Oh, Kentucky! I wax maudlin as the spring approaches, when the bluegrass begins to grow, and I am reminded of my love of fried chicken, mint juleps, and Billy Ray Cyrus. How wonderful art thou, great state of the Gray Squirrel and the greatest two minutes in sports! And even with all of these enticements to share a state of domicile with Rick Pitino, there is but one ultimate reason to make the move. Although Greenville is a fine place to live, if I were ever to maim or otherwise injure someone, I would hope to do so in Kentucky. I am surprised that the Kentucky Chamber of Commerce does not openly espouse its one year statute of limitations [PDF] on personal injury cases as a benefit of living, maiming, of doing business there.
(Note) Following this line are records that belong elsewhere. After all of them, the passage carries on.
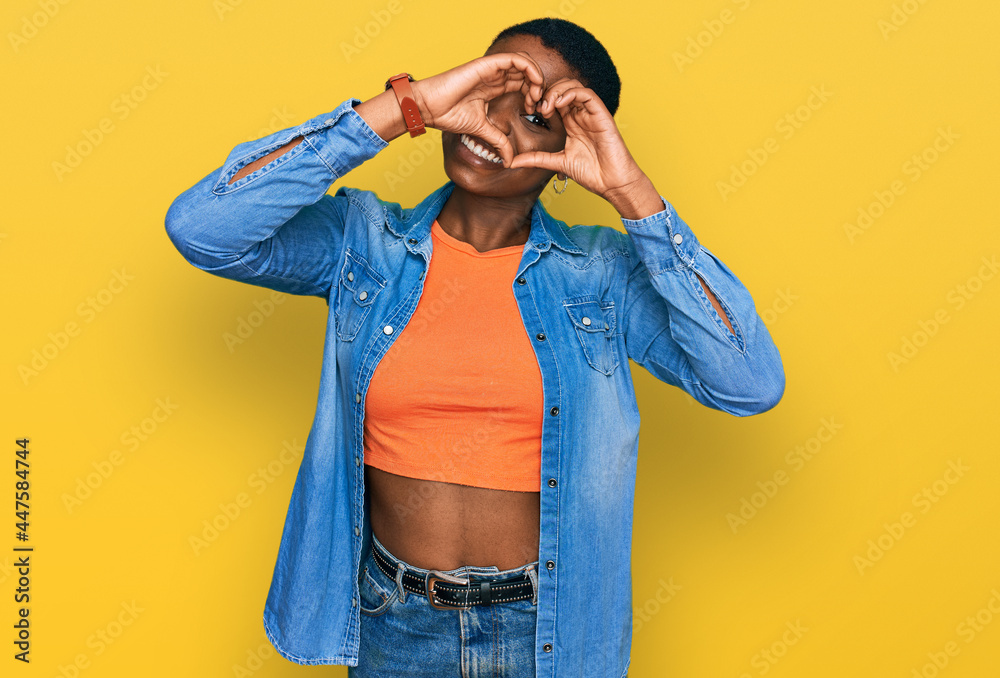 Young african american woman wearing casual clothes doing heart shape with hand and fingers smiling looking through sign Young african american woman wearing casual clothes doing heart shape with hand and fingers smiling looking through sign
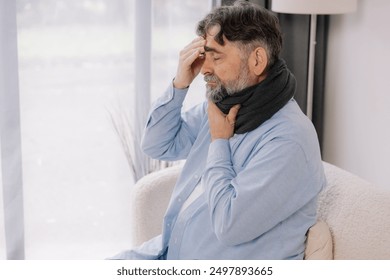 Senior man with throat angina holding his hand to his head sitting on sofa in living room, flu - Powered by Shutterstock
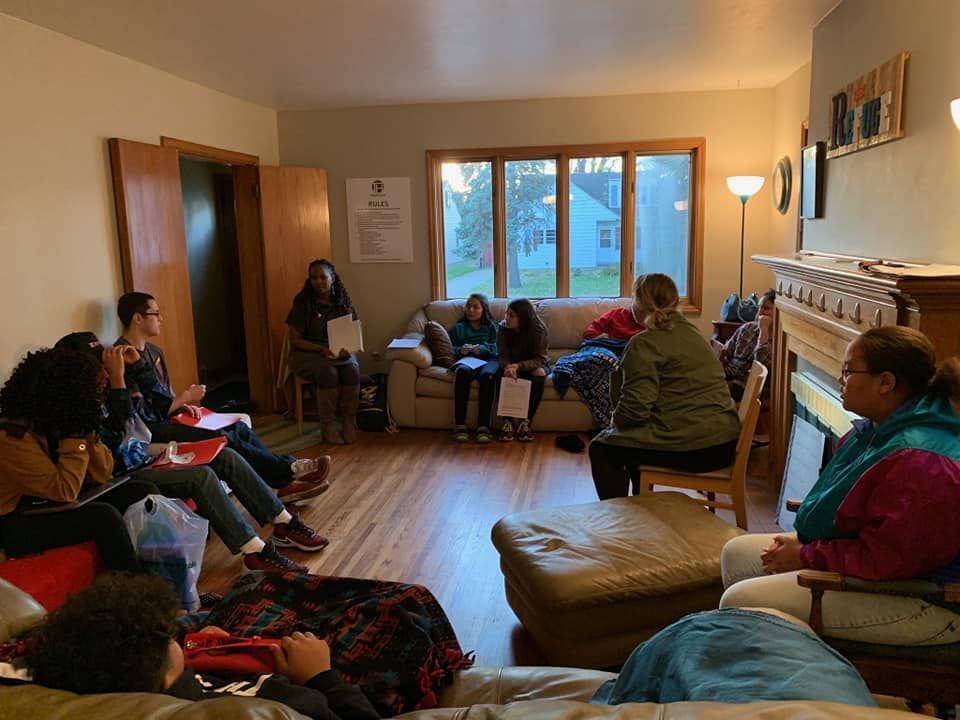 A group of people are sitting in a living room.
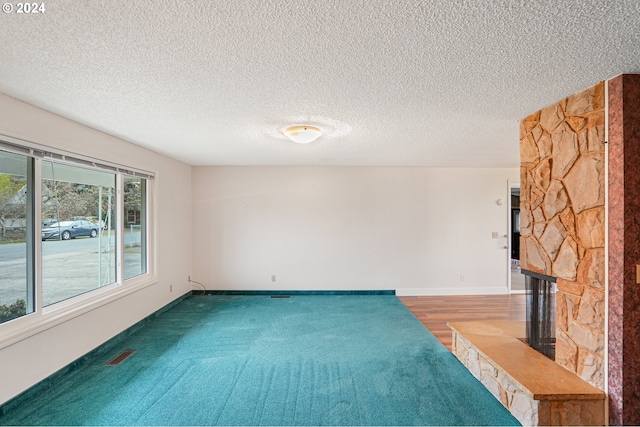 unfurnished room featuring a fireplace, a textured ceiling, and dark hardwood / wood-style flooring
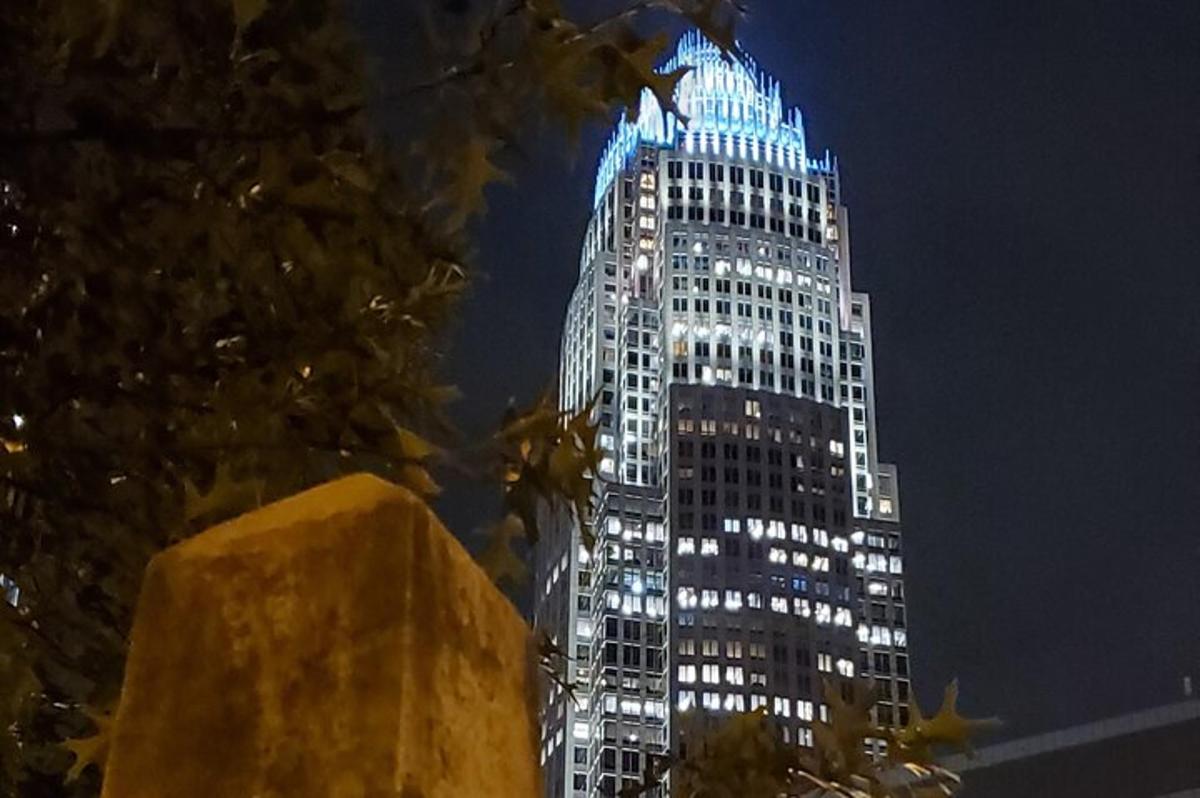 a tall building with blue lights on it at night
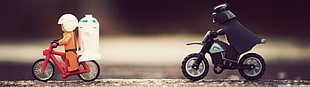 two LEGO men riding motorcycle mini figure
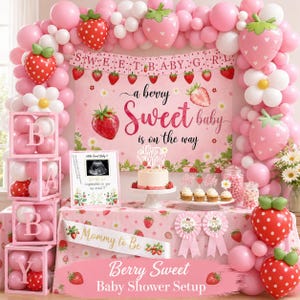 Peut inclure: D&eacute;coration de baby shower rose et blanche sur le th&egrave;me des fraises. La sc&egrave;ne comprend des ballons, une banni&egrave;re avec l'inscription "Sweet Baby Girl", un g&acirc;teau et une table avec le texte "Mommy to Be" et "Berry Sweet Baby Shower Setup".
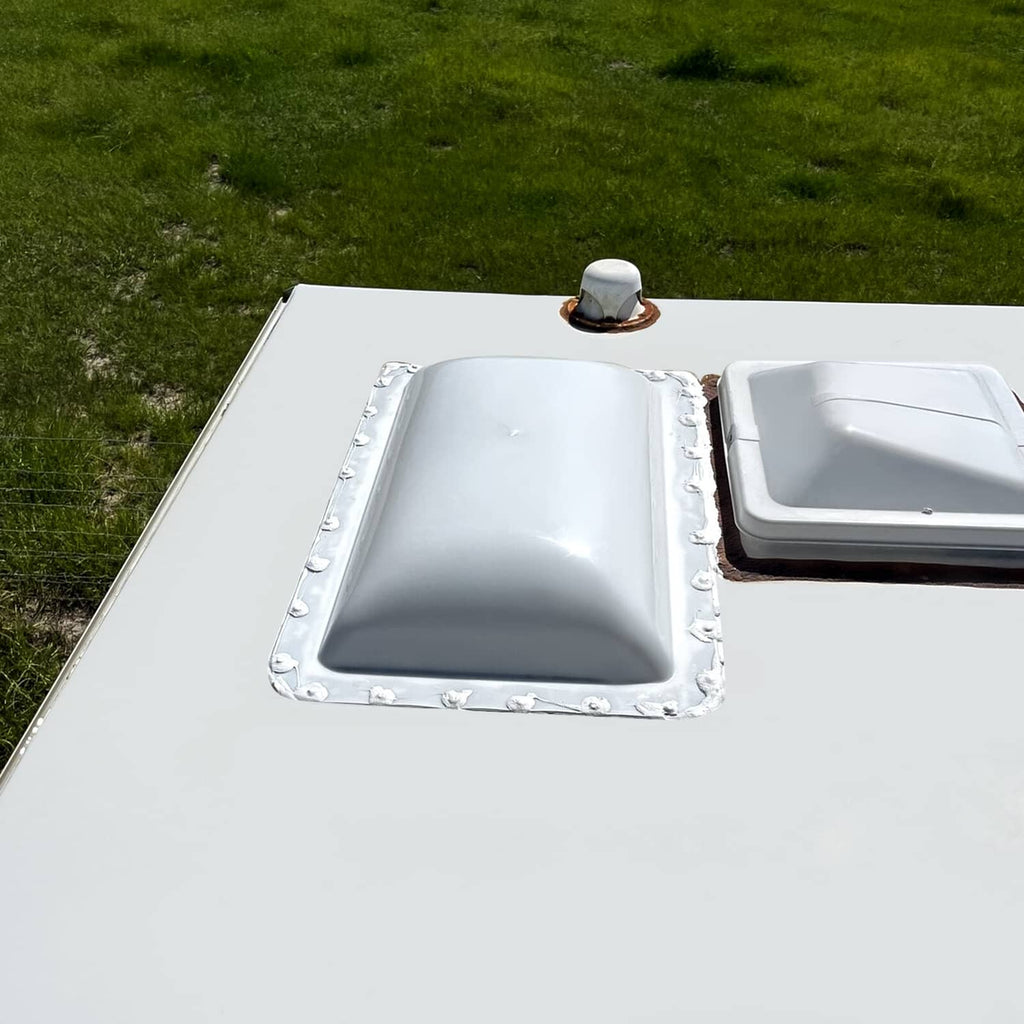 White camper skylight cover installed on roof opening with surrounding mounting border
Unfortunately for Johnny Childress, he lived in Kentucky at the time of his injury, and his claim was dismissed because of it.

For reasons not clear in Childress v. Interstate Battery Systems of America, Inc., 2010 WL 600023, No. 1:09CV-54-M (W.D. Ky. Feb. 18, 2010), Mr. Childress did not bring suit within one year of his accident. On November 26, 2007, Mr. Childress drove home, exited his car, and “noticed the distinct odor of battery fumes emanating from his vehicle.” Id. Mr. Childress disconnected the battery, took the battery into his garage, and placed it on a workbench, where it exploded and sent shards of plastic and acid into Mr. Childress’ face and eyes. Childress, inexplicably, waited too late to file his products liability action, and, therefore, he had to assert a theory of recovery that would allow him to maintain his claim. He argued that his accident sounded in the Motor Vehicle Reparations Act, which allowed a two-year period to bring an action.

The two-year limitations period extends to those who were victims of a motor vehicle accident and whose injuries arose out of the use of a motor vehicle. Id. Because the blog adheres to the strictest of legal writing axioms, you already know what the court decided. Childress was not in his vehicle at the time of the explosion, and “it was the battery, not his vehicle, that was the sole cause of his injuries.” Id. Therefore, Childress was time-barred.

Maybe Childress had some bad facts in his claim that would have precluded a finding against the battery distributor, and he was trying to bring in his auto insurer. It’s unclear. But unfortunately for Mr. Childress, who at the very least had a real injury, and perhaps a valid claim, he can’t recover. Manufacturers take note and take advantage of Citizens United: Elect officials who support a one-year statute of limitations. Then I won’t have to move to Kentucky.